Navegar é Preciso
Uma
aventura inconseqüente. Esta é a primeira impressão que temos ao nos depararmos
com os relatos de Amyr KlinK sobre a sua louca travessia do Atlântico.
Mas
valeu a pena?
E
o navegador introduz a sua saga com os versos de Fernando Pessoa na edição do
livro Cem dias entre o céu e o mar (Companhia de bolso, 2005): “tudo vale a pena se a alma não é
pequena”.
Em
10 de julho de 1984 um brasileiro incompreendido zarpava sozinho do litoral
africano em direção à costa brasileira, pilotando um pequeno barco a remo.
Os
momentos dessa viagem, mesmo aquelas coincidências que se anteciparam a partida,
até os pormenores operacionais em meio à grandiosa massa de água atlântica são
descritos com muita propriedade e concisão no livro, pelo navegador solitário.
O
suspense, a emoção, o vislumbre de um mundo de água, para nós distante. Os
fenômenos naturais anticiclônicos do Atlântico sul, a explicação para a
descoberta (sem muito esforço, vá lá), do Brasil; a história regada pelo
cientificismo náutico inaugurado pelos portugueses, são ingredientes que atraem
e nos prendem a atenção numa leitura prazerosa.
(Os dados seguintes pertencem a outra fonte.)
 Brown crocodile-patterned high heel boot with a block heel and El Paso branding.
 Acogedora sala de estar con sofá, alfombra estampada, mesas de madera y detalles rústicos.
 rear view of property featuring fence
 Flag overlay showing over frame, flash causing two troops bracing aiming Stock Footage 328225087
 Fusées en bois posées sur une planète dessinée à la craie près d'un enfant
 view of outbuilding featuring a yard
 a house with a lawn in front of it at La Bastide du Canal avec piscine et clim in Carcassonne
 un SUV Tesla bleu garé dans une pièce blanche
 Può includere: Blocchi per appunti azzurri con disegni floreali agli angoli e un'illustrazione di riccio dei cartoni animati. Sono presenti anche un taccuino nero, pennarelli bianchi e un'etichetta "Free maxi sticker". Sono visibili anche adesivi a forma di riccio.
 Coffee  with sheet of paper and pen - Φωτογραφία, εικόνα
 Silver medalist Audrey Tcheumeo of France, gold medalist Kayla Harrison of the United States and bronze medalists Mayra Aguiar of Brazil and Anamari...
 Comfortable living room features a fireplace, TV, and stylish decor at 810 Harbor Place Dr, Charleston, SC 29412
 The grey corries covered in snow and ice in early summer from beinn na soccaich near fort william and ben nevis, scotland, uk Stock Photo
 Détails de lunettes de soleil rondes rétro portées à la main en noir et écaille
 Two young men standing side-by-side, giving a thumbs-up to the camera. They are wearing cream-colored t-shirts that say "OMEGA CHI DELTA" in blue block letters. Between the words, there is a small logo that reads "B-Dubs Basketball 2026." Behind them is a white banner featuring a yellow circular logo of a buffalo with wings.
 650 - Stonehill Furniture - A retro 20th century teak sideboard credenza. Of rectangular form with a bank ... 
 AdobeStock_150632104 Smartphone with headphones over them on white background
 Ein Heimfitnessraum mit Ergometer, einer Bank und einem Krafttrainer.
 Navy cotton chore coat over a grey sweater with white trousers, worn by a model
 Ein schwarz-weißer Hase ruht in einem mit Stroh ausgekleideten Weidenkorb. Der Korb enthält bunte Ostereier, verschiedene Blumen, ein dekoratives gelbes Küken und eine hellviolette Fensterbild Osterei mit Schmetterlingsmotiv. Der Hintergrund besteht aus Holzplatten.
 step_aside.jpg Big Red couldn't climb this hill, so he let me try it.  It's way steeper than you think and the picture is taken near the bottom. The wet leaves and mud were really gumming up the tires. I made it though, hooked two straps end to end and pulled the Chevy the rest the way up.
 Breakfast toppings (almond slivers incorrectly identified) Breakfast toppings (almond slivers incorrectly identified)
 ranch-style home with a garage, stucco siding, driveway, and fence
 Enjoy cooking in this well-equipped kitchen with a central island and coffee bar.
Nos levam sem medos ao mar sem
fim de Diogo Cão e Fernando Pessoa.
Enfim,
quando aportou na praia da Espera, litoral baiano, Amyr havia cumprido uma aventura
impensada por qualquer um de nós pobres mortais. Havia desafiado a solidão e
encontrado motivos dos mais simples, no meio do mar, para perseverar.
Os
relatos de Amyr, além de esclarecedores sobre a dinâmica das rotas oceânicas são
uma vitamina para a alma. São aditivos para
superar as nossas fraquezas tão rotineiras. Afinal de contas no nosso dia-a-dia
não nos deparamos ocasionalmente com nenhuma baleia de 20 metros ou com uma vuca
de tubarões nada amistosos. No nosso vaivém diário não nos vemos emborcados por
uma onda salgada de 8
metros . Amyr tirou de letra estas situações acreditando
em si mesmo, em seus estudos e em sua capacidade. Mas acima de tudo na sua
sanidade física e mental. Puro e legítimo controle de si. Isso o livro nos
ensina.
Já
encostando na praia de Salvador Amyr foi abordado por um barco de pescadores.
Perguntaram como foi a pescaria. Ele disse que não havia pescado nada. E de
onde vinha? completaram os pescadores. Da África, respondeu Amyr. E esta praia
é muito longe? Inquietaram-se os homens do mar. Um pouquinho. Um pouquinho
longe, devolveu Amyr, com incontida alegria por avistar ao largo, os primeiros
coqueiros em terra firme.
Cem dias entre o céu e o mar é uma odisséia moderna
cheia de surpresas e perigos suportáveis apenas por heróis. Amyr cruzou da
África para o Brasil num pequeno barco utilizando as correntes de deriva, muita
técnica, mas acima de tudo valendo-se da fé num credo antigo que reza que
‘navegar é preciso’.
(E
por falar nisso, vou aqui deixar uma pulga a incomodar as orelhas mais
curiosas: a frase “navegar é preciso...” é creditada, pelos mais novos ou mesmo
por aqueles tropicalistas de fim-de-semana-na-casa-do-tio-ouvindo-aqueles-discos-antigos
ao baiano Caetano Veloso, por causa, é claro, da canção ‘Os argonautas’. Já os
mais zelosos reconhecem a frase como um raio humanista deflagrado pelo
eletrizado espírito poético de Fernando Pessoa. Só que, lendo aqui e ali,
pesquisando acolá, dei com uma origem um tanto Antiga para esta frase tão atual. Diz-se que ela vem lá de Roma.
Foi proferida pelo general Pompeu em uma de suas batalhas pela pax no império. Eu fico com o Fernando pessoa porque sou poeta-parcial, mas
enfim, se ‘navegar é preciso’ e ‘viver não é preciso’, a pulga incomoda).